When you are a male dentist and expecting you first child, not much changes for you in terms of your work life. Sure, you will take a week or two off when the baby arrives, and perhaps scale back your hours once you have children to come home to, but you don’t have to. Nobody will know you are expecting a child unless you tell them, so you can maintain separation between your personal life and your professional one. When you are a female, everything is kind of out in the open and you become vulnerable to people’s opinions and suggestions before you even have a chance to form any of your own. Well-meaning patients would exclaim, “Wow, I cannot believe you are still working,” or “Hopefully you will have a chance to stay home and spend some time with the baby.” I had to assure them I would be back to complete their work after the baby was born. I can pretty much guarantee no male dentist has ever gotten these types of questions while expecting a child.
This year, I made it a goal to complete my AGD fellowship requirements before the baby was born because I knew my free time would be MUCH more limited. Instead of traveling to attend my usual dental meetings and courses, I stayed home, put my feet up and spent a decent amount of time watching CE videos from the comfort of my living room. I learned a lot, but I missed seeing all the dentist friends that I have made over the years.
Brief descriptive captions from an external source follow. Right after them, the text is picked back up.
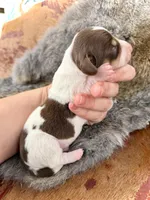 Scooby , a male Miniature Dachshund for sale in Visalia, CA – Photo 6 of 6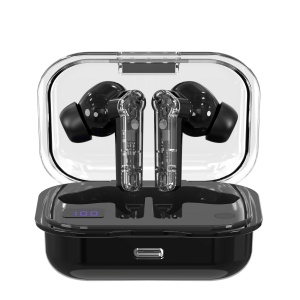 ST64D AI Translation Earphones [Comes with "AI Friend" Software]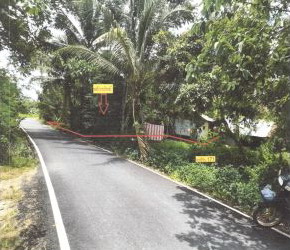 รูปที่ดินพร้อมสิ่งปลูกสร้าง สะพานไม้แก่น จะนะ สงขลา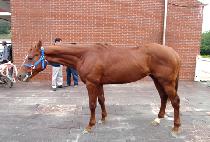 �̽��Ϳö� (MR. OLLA) ����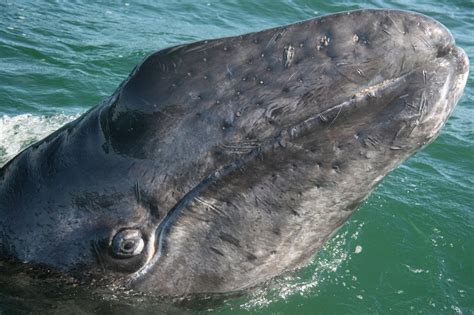 It is a mysticete, or baleen whale, meaning it has a series of fringed overlapping then using the tongue to scrape the amphipods of the baleen similar to how you might use your tongue to remove peanut butter from your teeth, the whale. Gray Whale Facts, Size, Habitat, Behavior, Diet, Pictures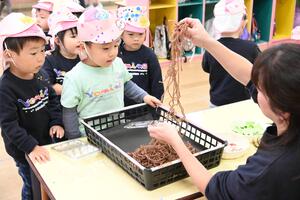 img_20241126-154834.jpg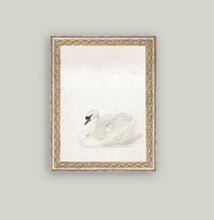 Load image into Gallery viewer, Petal Lane Artwork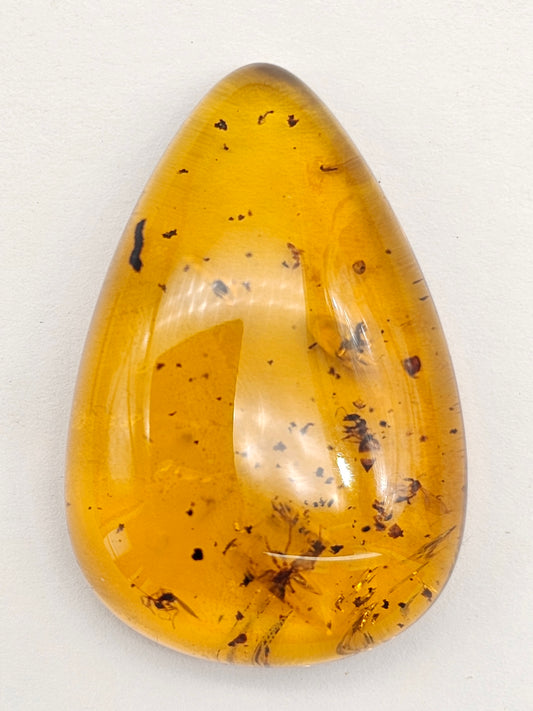 Real amber with insect inclusion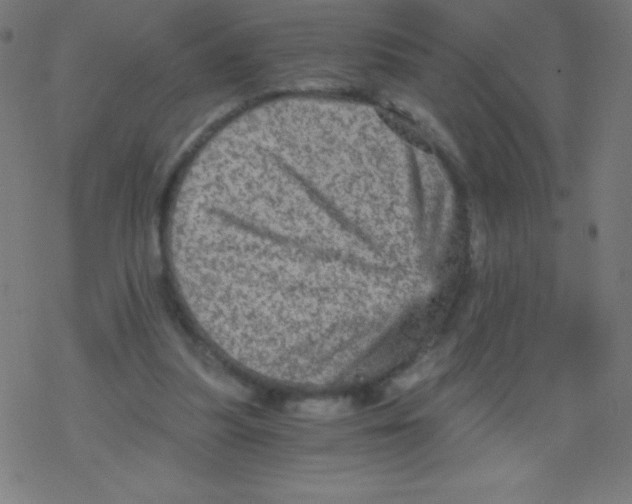 X0000078300251200612011842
Since being home, I have met many new moms in my community. Most are taking the standard maternity leave that their company provides (usually three months paid), and some take an additional three months of unpaid leave. As a dentist, you mainly work for yourself so the amount of leave you take depends on your personal preference. From a financial and logistical standpoint, it makes no sense for me to stay home with the baby when I could hire a nanny or use a daycare service. However, from an instinctual and emotional point of view, it makes no sense to hire someone else to take care of MY child. The past six weeks with him at home have been great. Sure, there are the obvious challenges associated with having a newborn, but they are completely manageable. This work/life issue is one many moms struggle with, particularly those who have worked hard to establish the careers they love. I am grateful that my job is flexible, and will allow me to work part time for as long as I need to. As of right now, I plan on returning to work in July, and I am hoping for a smooth transition. Wish me luck!